EXERCISE DIRECTIONS
Transcribe the entries exactly. Omit the pictures.

╔══

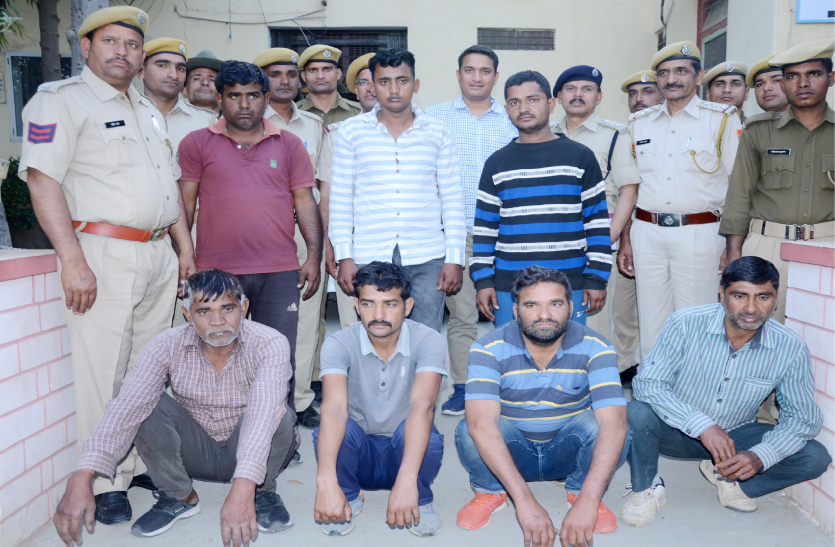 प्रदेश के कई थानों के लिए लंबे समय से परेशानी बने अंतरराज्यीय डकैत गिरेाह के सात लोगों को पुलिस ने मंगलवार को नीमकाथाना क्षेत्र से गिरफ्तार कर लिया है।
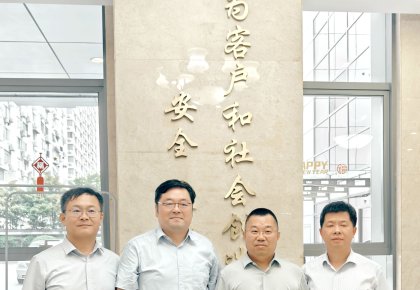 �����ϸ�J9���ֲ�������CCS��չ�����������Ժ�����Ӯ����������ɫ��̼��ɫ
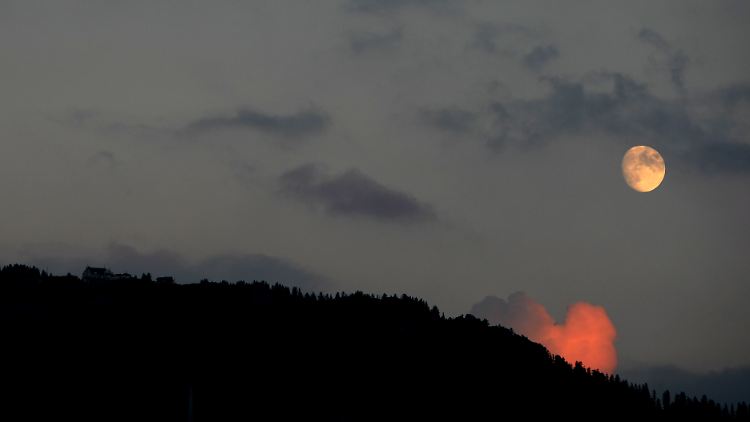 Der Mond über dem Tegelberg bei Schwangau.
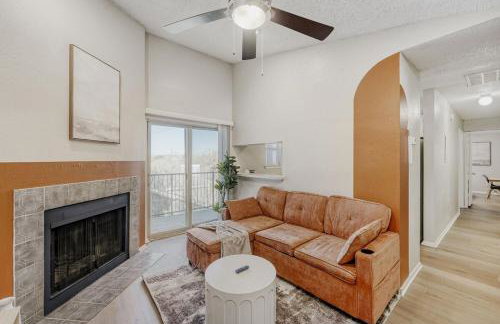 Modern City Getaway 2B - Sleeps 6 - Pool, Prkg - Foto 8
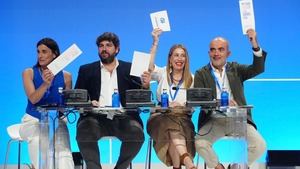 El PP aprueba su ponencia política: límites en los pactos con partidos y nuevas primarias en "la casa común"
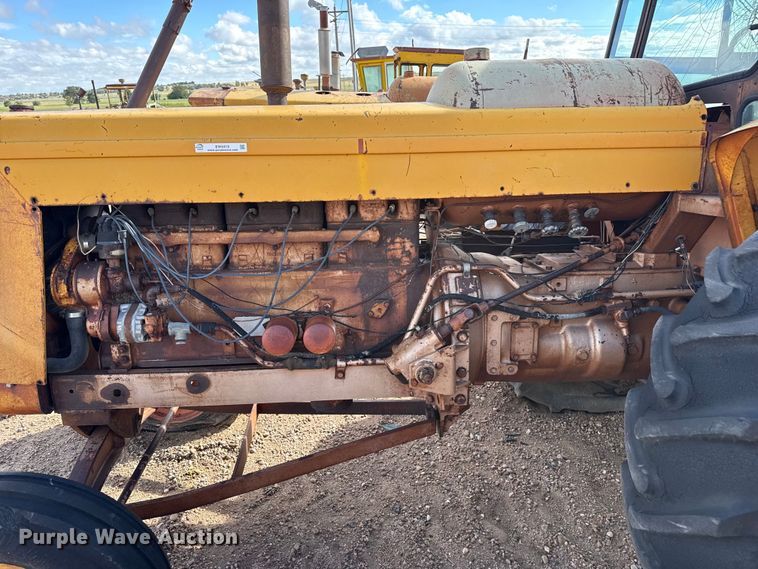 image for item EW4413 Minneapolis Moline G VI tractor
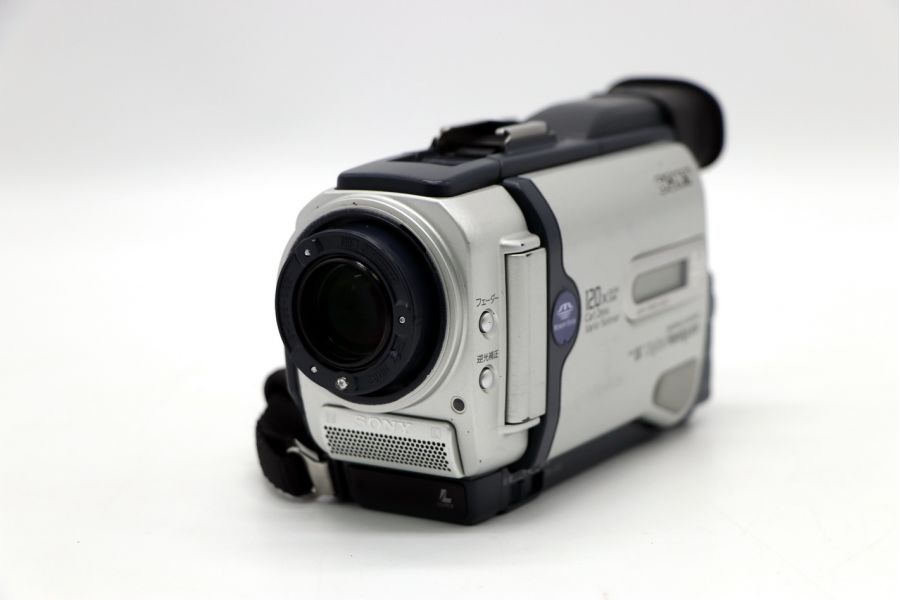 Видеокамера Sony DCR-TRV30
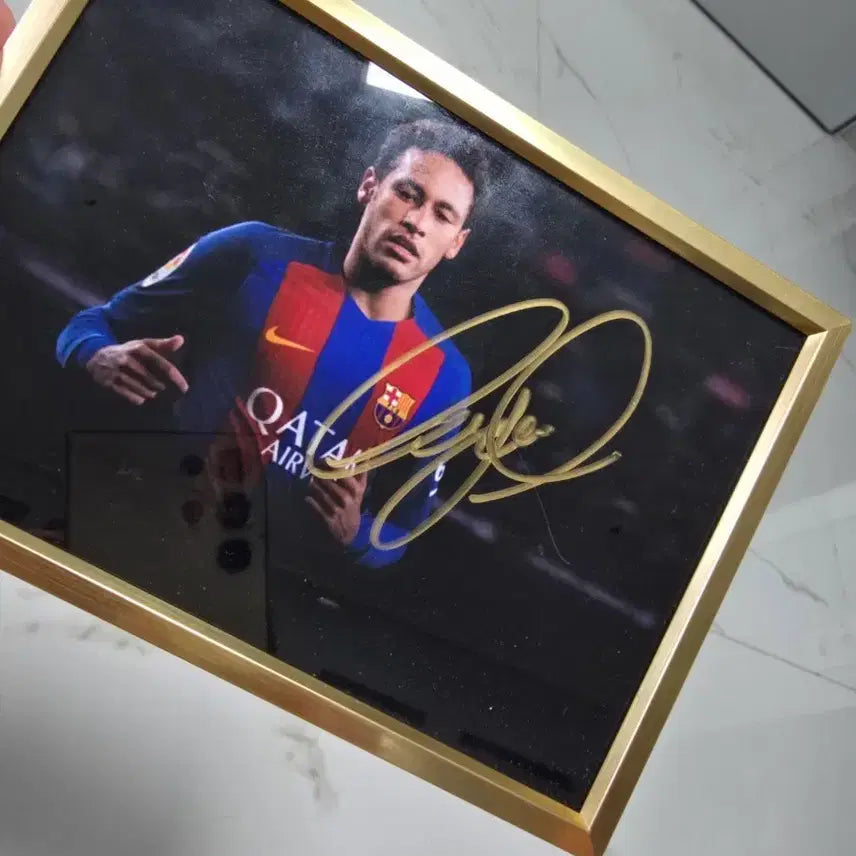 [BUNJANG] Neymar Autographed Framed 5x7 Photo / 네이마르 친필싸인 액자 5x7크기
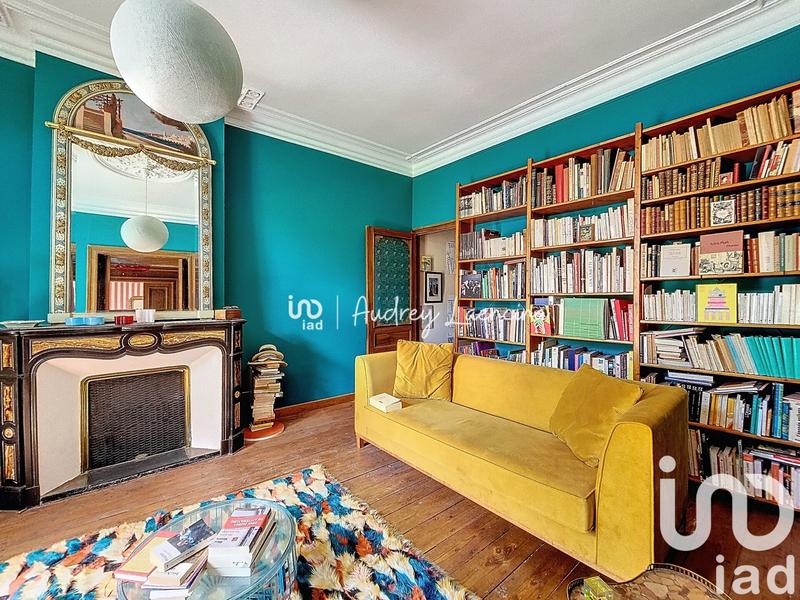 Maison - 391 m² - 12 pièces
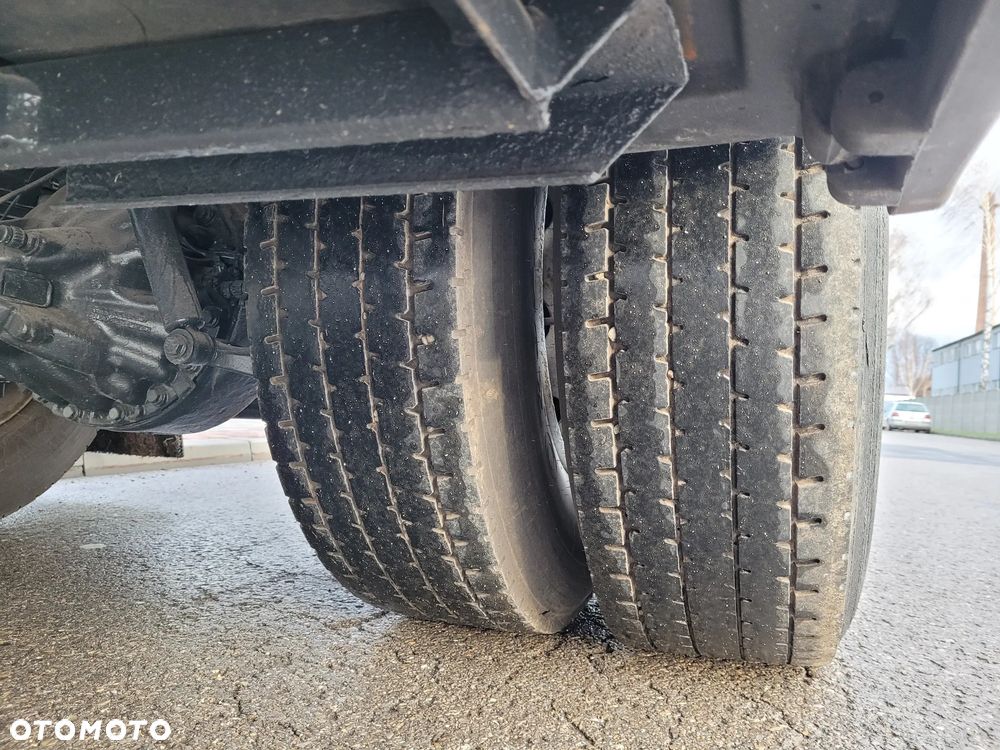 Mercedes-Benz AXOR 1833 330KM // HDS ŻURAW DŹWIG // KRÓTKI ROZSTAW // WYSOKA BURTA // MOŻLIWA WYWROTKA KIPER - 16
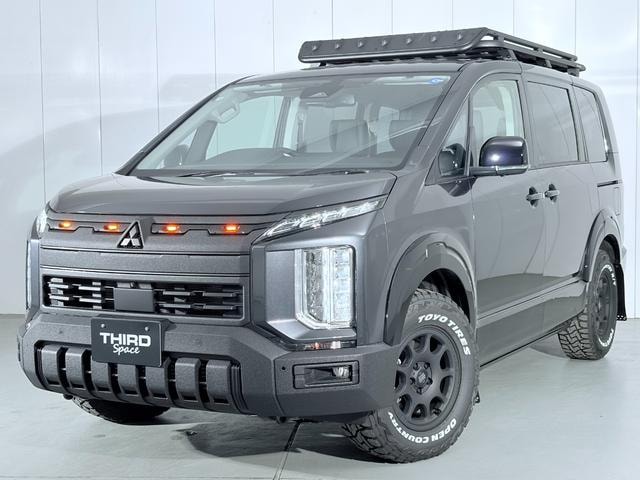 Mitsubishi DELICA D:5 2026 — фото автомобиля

╚══

SOLVED PROBLEM
 प्रदेश के कई थानों के लिए लंबे समय से परेशानी बने अंतरराज्यीय डकैत गिरेाह के सात लोगों को पुलिस ने मंगलवार को नीमकाथाना क्षेत्र से गिरफ्तार कर लिया है।
 �����ϸ�J9���ֲ�������CCS��չ�����������Ժ�����Ӯ����������ɫ��̼��ɫ
 Der Mond über dem Tegelberg bei Schwangau.
 Modern City Getaway 2B - Sleeps 6 - Pool, Prkg - Foto 8
 El PP aprueba su ponencia política: límites en los pactos con partidos y nuevas primarias en "la casa común"
 image for item EW4413 Minneapolis Moline G VI tractor
 Видеокамера Sony DCR-TRV30
 [BUNJANG] Neymar Autographed Framed 5x7 Photo / 네이마르 친필싸인 액자 5x7크기
 Maison - 391 m² - 12 pièces
 Mercedes-Benz AXOR 1833 330KM // HDS ŻURAW DŹWIG // KRÓTKI ROZSTAW // WYSOKA BURTA // MOŻLIWA WYWROTKA KIPER - 16
 Mitsubishi DELICA D:5 2026 — фото автомобиля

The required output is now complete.